• _TASK DIRECTIONS_
From the line that contains "Education canine au" to the last line of the data below, transcribe every line exactly. Do not include the pictures.

+ + +

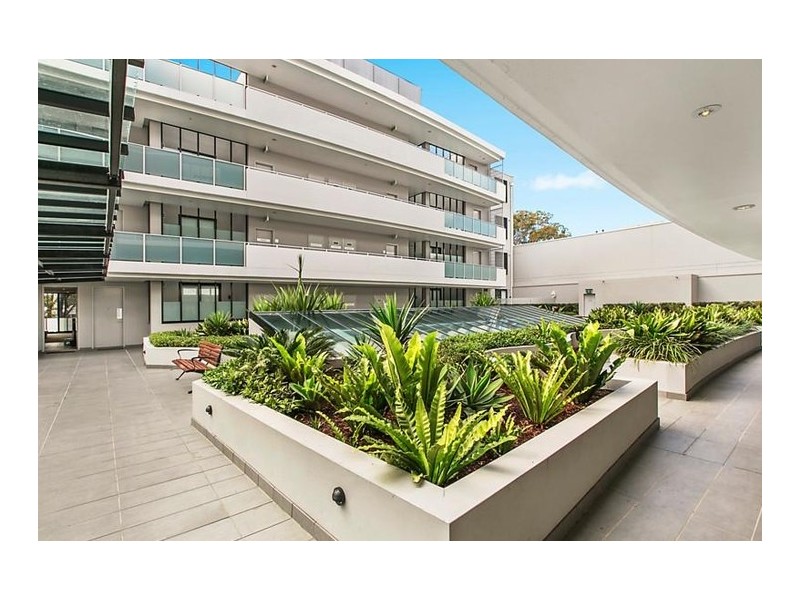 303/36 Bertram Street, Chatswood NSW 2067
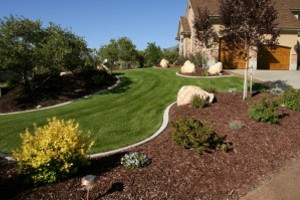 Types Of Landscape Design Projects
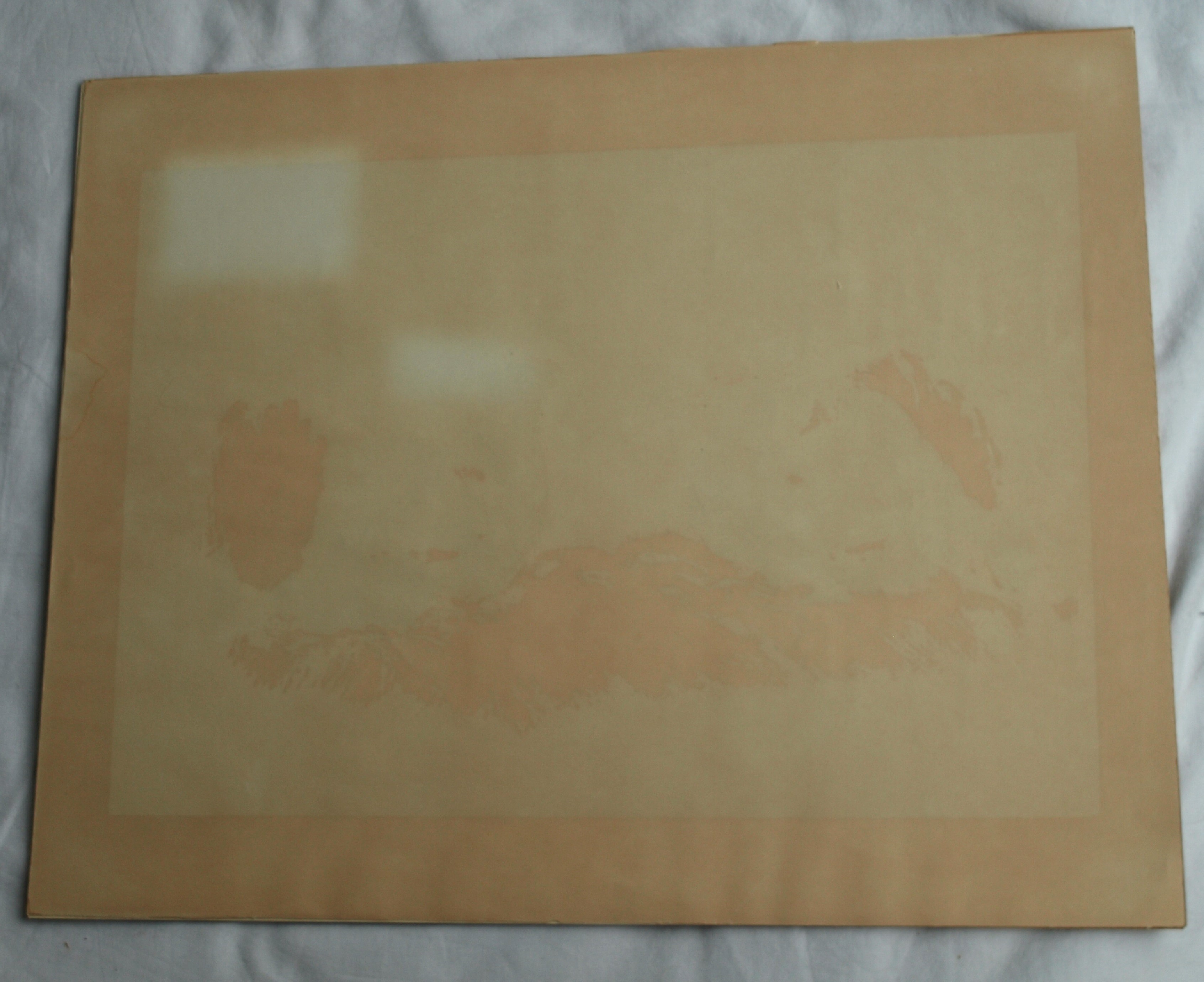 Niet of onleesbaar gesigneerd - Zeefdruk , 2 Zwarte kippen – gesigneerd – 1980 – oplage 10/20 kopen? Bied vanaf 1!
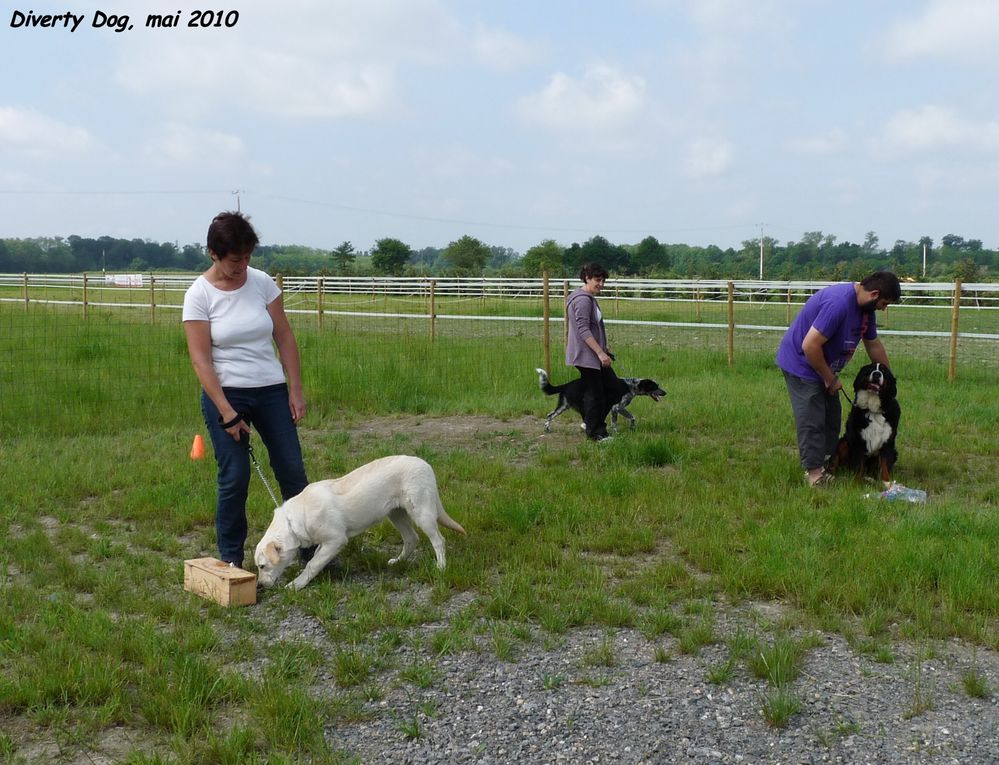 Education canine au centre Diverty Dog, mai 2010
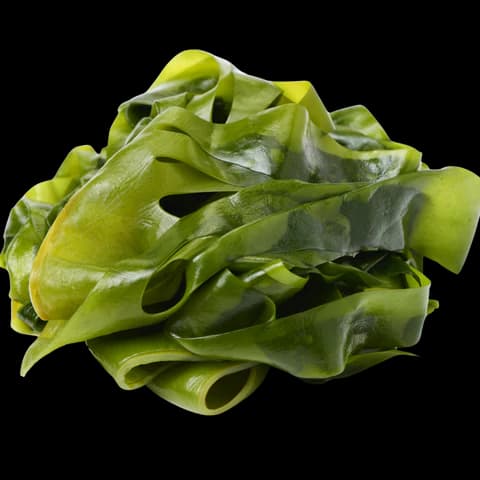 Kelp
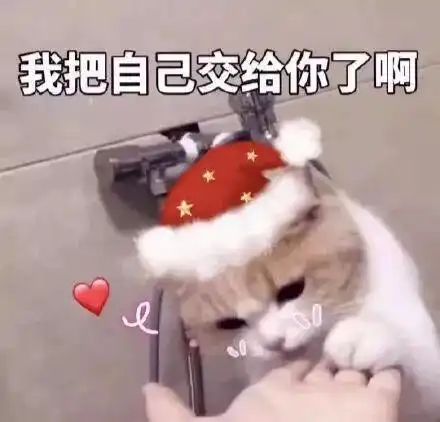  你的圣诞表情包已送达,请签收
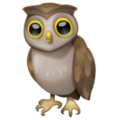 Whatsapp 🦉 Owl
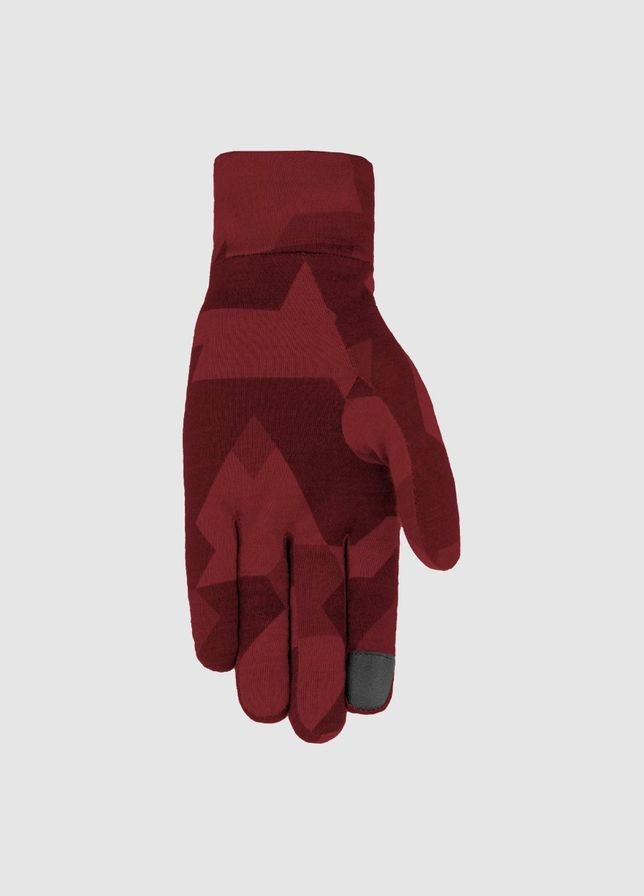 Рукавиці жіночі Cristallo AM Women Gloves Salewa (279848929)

+ + +

• _TASK RESULT_
 Education canine au centre Diverty Dog, mai 2010
 Kelp
  你的圣诞表情包已送达,请签收
 Whatsapp 🦉 Owl
 Рукавиці жіночі Cristallo AM Women Gloves Salewa (279848929)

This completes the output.